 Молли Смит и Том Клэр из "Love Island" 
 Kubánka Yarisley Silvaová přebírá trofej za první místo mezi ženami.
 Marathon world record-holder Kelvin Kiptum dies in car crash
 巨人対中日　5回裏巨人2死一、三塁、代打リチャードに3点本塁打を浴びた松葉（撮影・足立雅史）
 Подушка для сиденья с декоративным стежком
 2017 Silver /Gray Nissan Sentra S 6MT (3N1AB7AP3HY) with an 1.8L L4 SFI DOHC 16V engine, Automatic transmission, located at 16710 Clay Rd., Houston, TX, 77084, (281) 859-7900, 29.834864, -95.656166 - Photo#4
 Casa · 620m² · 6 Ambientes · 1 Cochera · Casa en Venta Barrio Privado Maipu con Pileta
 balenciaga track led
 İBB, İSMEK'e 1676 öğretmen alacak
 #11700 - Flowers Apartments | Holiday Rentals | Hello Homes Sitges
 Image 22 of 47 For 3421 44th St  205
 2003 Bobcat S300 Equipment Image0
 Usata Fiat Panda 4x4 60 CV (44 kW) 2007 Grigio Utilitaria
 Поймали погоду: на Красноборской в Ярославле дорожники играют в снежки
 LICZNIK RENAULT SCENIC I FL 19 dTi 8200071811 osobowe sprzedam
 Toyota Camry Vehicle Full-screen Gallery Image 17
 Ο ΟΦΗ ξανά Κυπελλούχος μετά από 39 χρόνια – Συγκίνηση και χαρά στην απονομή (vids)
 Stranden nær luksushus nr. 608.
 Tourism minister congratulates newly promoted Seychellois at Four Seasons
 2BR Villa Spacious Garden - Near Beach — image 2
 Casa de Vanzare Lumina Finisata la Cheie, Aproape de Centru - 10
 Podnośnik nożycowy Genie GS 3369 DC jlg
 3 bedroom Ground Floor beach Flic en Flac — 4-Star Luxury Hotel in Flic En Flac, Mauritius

____

What to do: Please go through the listing and return each line that has "Casa" in it.

Answer box:
 Casa · 620m² · 6 Ambientes · 1 Cochera · Casa en Venta Barrio Privado Maipu con Pileta
 Casa de Vanzare Lumina Finisata la Cheie, Aproape de Centru - 10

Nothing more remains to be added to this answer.